Don’t get stuck with a bad boss
Starting a new job is very similar to starting at a new school. There are new people to meet, new rules to learn, and new friends to make to have lunch with.
And, much like in the classroom, your enjoyment of work is directly affected by the person in charge. While we were able to leave not-so-stellar teachers after nine months, we are not always so lucky in the workplace.
Having a bad boss can cast a dark cloud over your workplace performance. It can cause discomfort, stress, and, most commonly, resentment.
Sorting the good from the bad
It would be great if we could live in world where people were actually classified on a “naughty or nice” list. Unfortunately, we have to work to make that determination ourselves.
However, there are ways to speed up the process of that determination. Reading people can be a difficult task upon your first meeting. But, it is possible to get a read on whether or not someone will be a good boss during your job interview.
All of this begs the question, how are we able to weed out the bad from the good? According to Sara Stibitz at the Harvard Business Review, there are a variety of ways to see if someone will be a good boss during a job interview.
Think of your needs first
First and foremost, you need to know what you want in order to know what to look for. What this means is, you must first answer what kind of boss and environment you want to work with.

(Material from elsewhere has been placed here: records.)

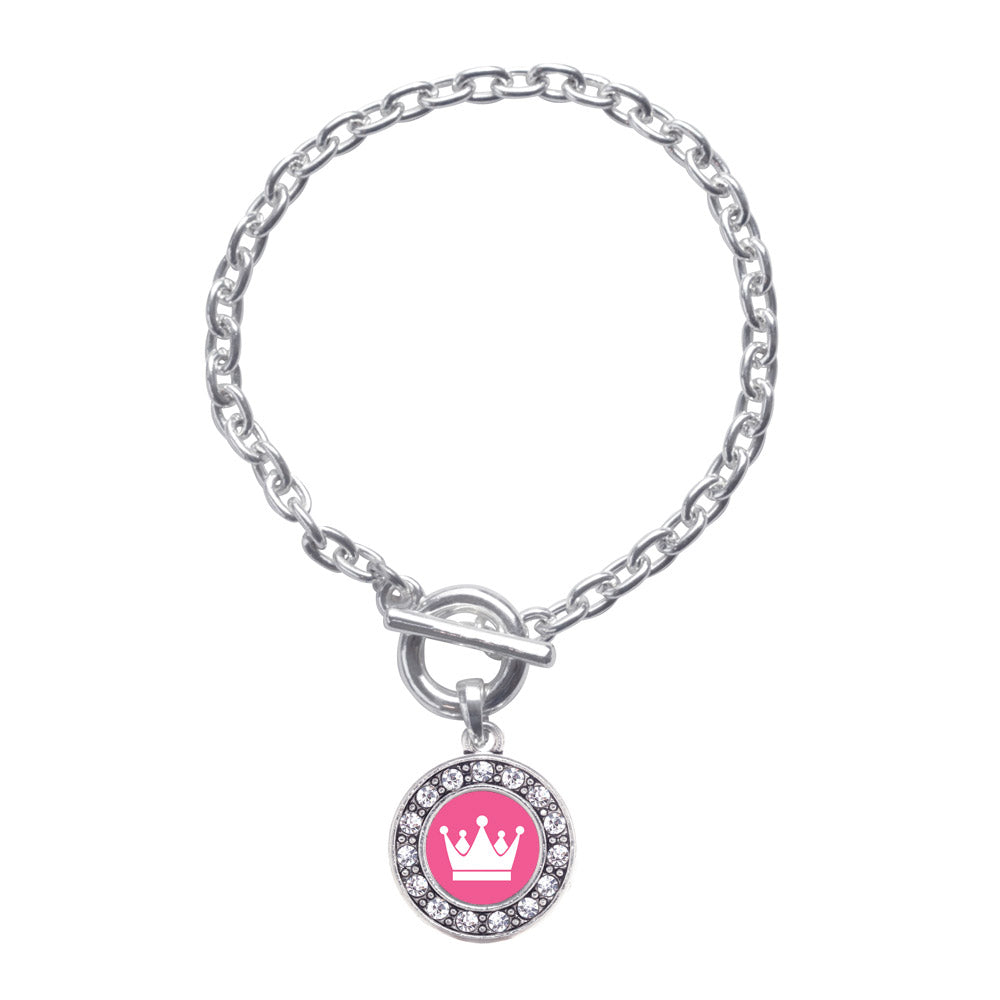 Silver Pink Princess Circle Charm Toggle Bracelet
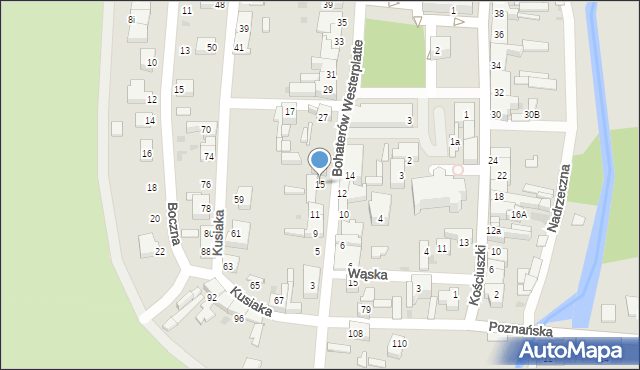 Rzepin, Bohaterów Westerplatte, 15, mapa Rzepin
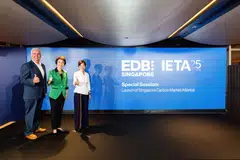 From left: Dirk Forrister, IETA president and chief executive; Low Yen Ling, senior minister of state for trade and industry; and Jacqueline Poh, managing director, Singapore Economic Development Board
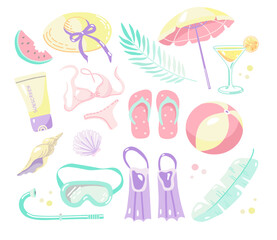 set of summer accessories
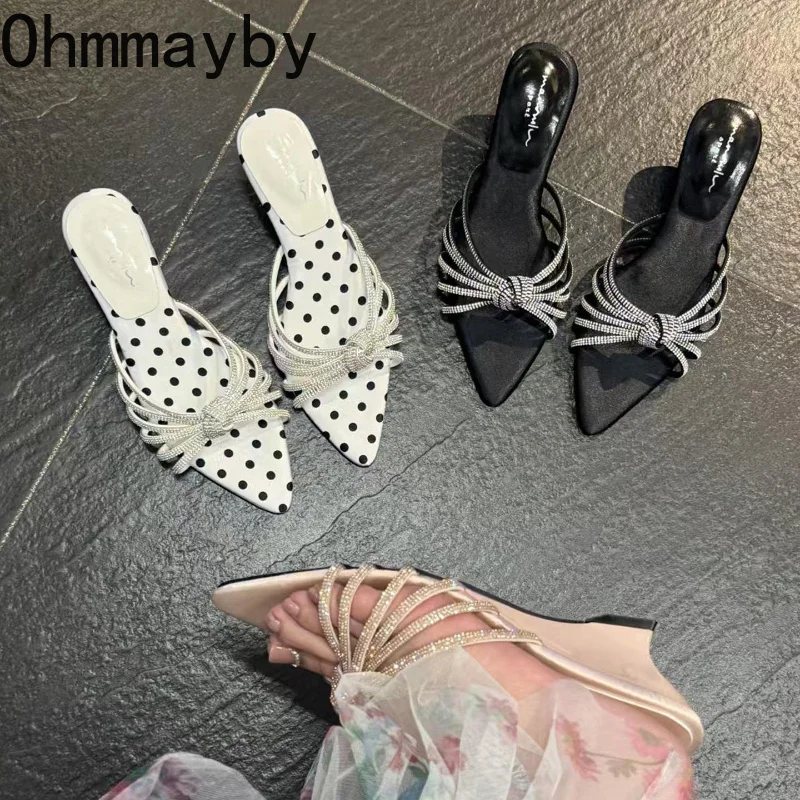

Rhinestone Narrow Band Women Slippers Fashion Open Toe Wedges Heel Party Dress Slide Ladies Slip On Summer Vacation Shoes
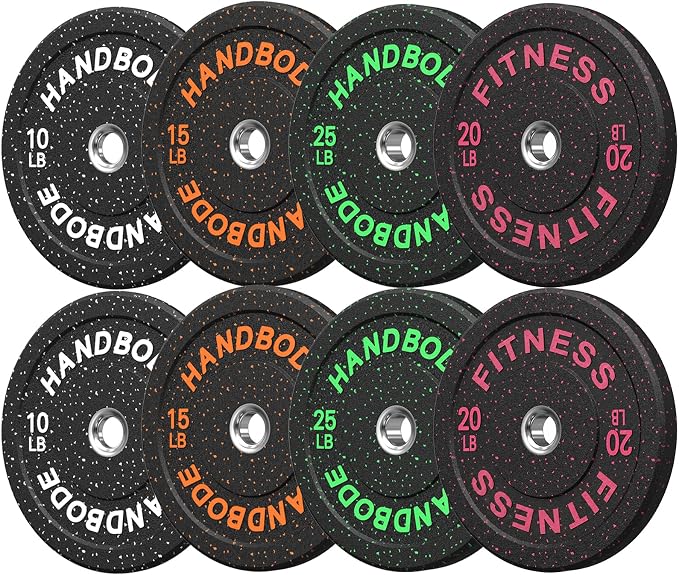 HANDBODE 2-Inch Weight Plates High Bounce, Olympic Bumper Plate Set 45/100/160/190/260/300lb, Colored Weight Plates Set for Home Gym, Barbell Weights Rubber Strength Training Plate for Weight Lifting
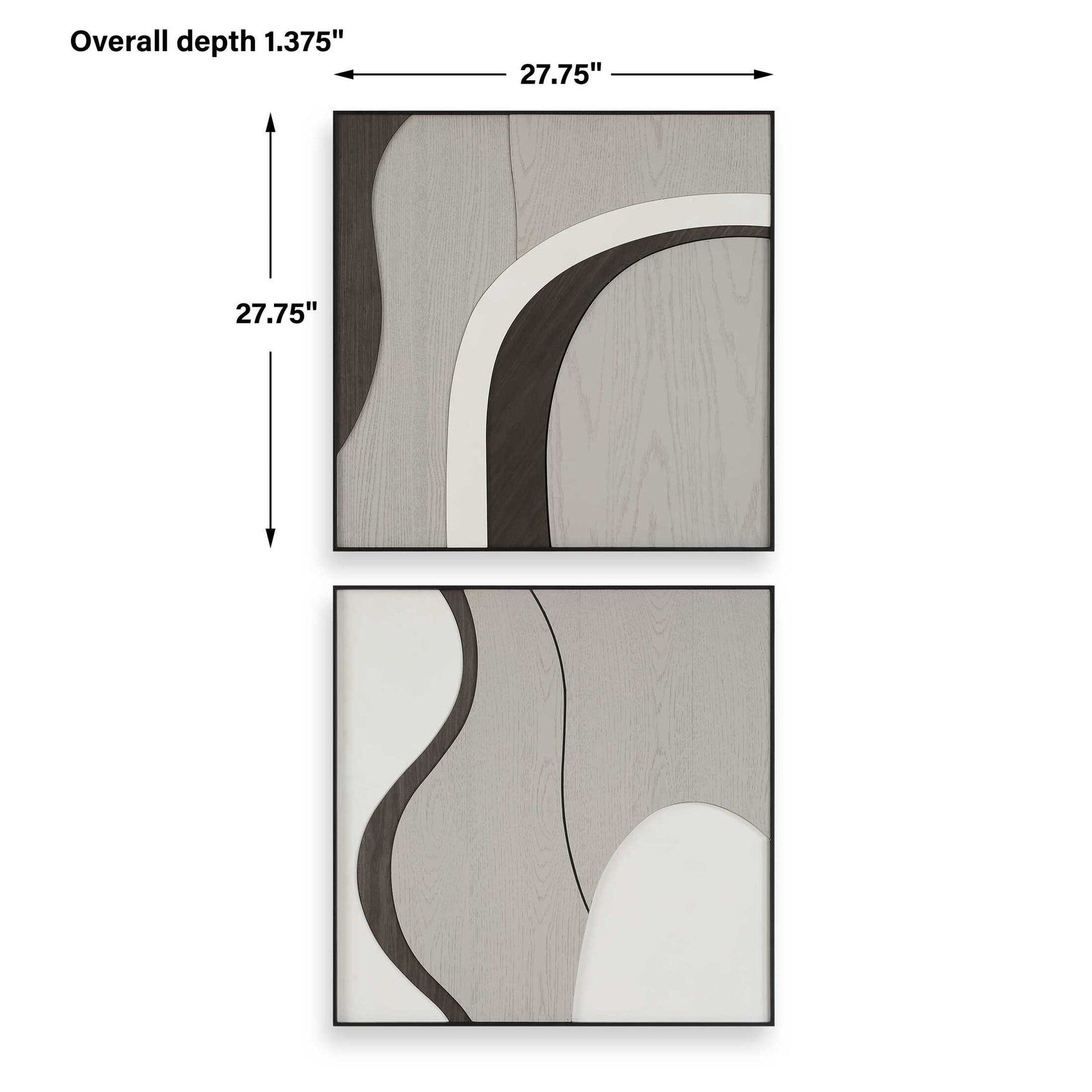 Joel Brown/Gray Modern Wood Wall Art (Set of 2)
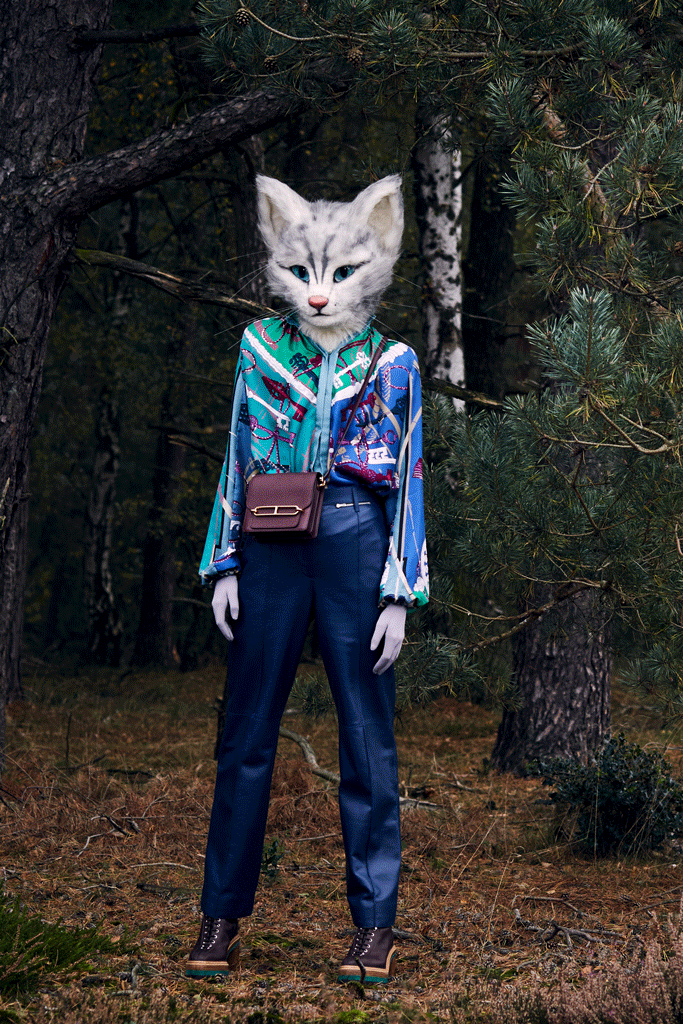 Auf den Fotos ist Katzenlady Pheline zu sehen. sie steht im Wald und trägt eine Seidebluse mit Scarfprint Muster, eine blaue Lederhose, braune Schürbooties und eine weinrote Umhängetasche. Der komplette Look ist von Hermès.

You need to evaluate the level of comfort you would like with the boss, in addition to the relationship. Are you looking for someone to collaborate with? Someone to be your mentor? With these items in mind, you can get some intel based on their personality and demeanor as to how you two will mesh.
Trust your gut
Another important aspect, which is important in many other facets of life, is that you need to trust your instincts. If you get the vibe that he/she is putting on a face and is someone you may not enjoy working with, odds are that will only build up over time. And, as that builds, your workplace happiness decreases.
This can be determined from two different angles. The first is to note how you are being treated during the interview. This lies in their communication skills. Are they asking cookie-cutter interview questions, or are they actually attempting to engage in a dialogue? The second is to see how the process is handled after the interview is over. If they take six months to get back to you, they may not be the person you want to work with every day.
Do your own research
Prior to the interview, it is always a good idea to do some prep work. Check out the interviewer (or boss)’s LinkedIn page to see what their qualifications and job history consist of. This allows you to see their commitment to past/present jobs and can provide schema for the interview. Odds are they are probably Google-ing you, so why not do the same?
Lastly, a good step to take is to ask to meet some of the staff. This allows you to not only get a feel for the culture of the workplace, but also allows you to see interaction between the boss and existing staff members.
For your next interview, prepare ahead of time by researching the company’s manager, make sure you are aware of how they treat you during and post-interview, and always trust your instincts.